__The task__.
Type out the data exactly as given. Skip any image.

(Short web captions)
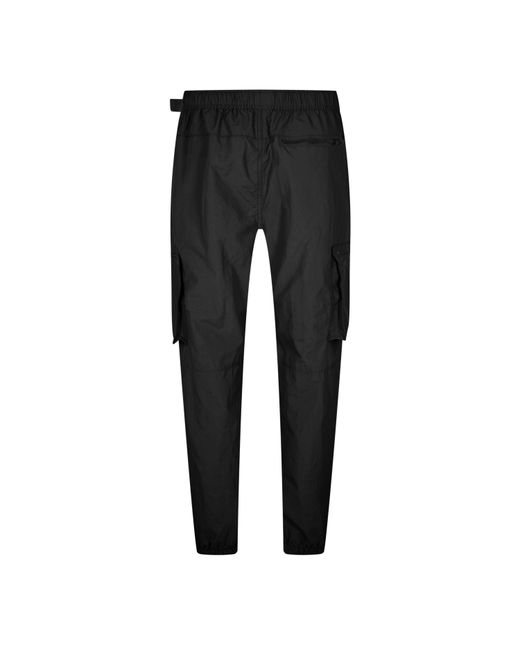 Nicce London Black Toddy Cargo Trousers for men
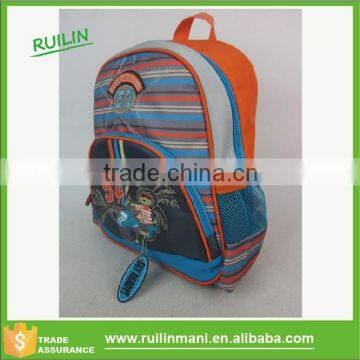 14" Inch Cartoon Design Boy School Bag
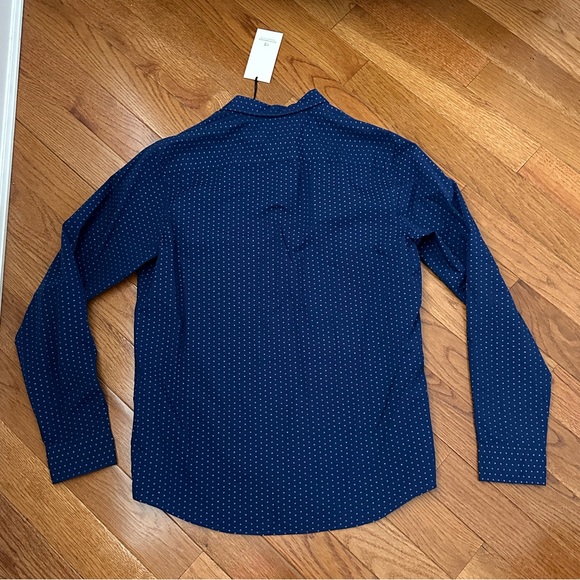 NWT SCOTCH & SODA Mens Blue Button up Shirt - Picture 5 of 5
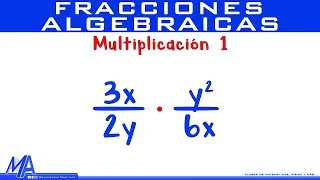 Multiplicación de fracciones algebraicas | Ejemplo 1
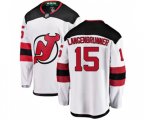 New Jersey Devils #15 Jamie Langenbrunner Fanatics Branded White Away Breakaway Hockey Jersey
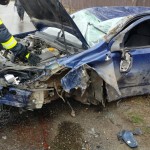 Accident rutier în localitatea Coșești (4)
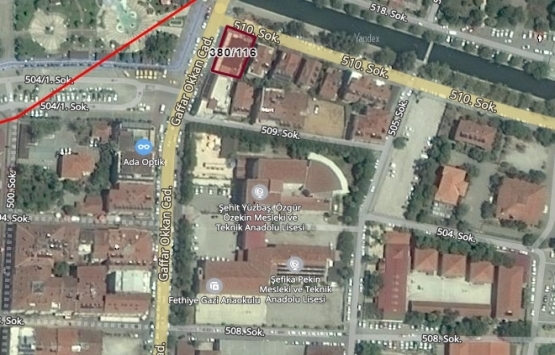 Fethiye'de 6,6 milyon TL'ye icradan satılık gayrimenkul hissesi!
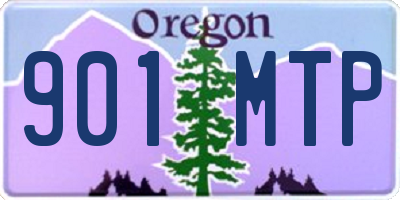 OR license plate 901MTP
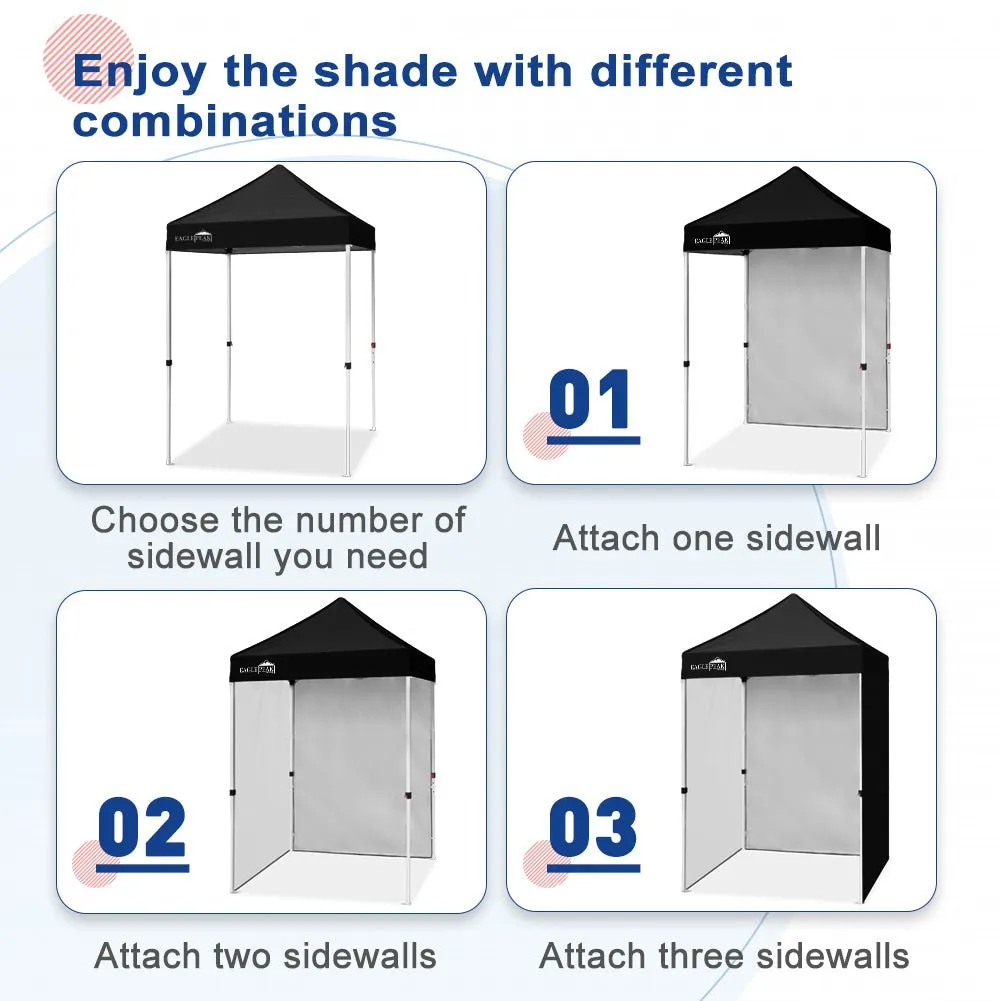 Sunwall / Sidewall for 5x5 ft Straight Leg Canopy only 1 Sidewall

__Answer for the task__.
 Nicce London Black Toddy Cargo Trousers for men
 14" Inch Cartoon Design Boy School Bag
 NWT SCOTCH & SODA Mens Blue Button up Shirt - Picture 5 of 5
 Multiplicación de fracciones algebraicas | Ejemplo 1
 New Jersey Devils #15 Jamie Langenbrunner Fanatics Branded White Away Breakaway Hockey Jersey
 Accident rutier în localitatea Coșești (4)
 Fethiye'de 6,6 milyon TL'ye icradan satılık gayrimenkul hissesi!
 OR license plate 901MTP
 Sunwall / Sidewall for 5x5 ft Straight Leg Canopy only 1 Sidewall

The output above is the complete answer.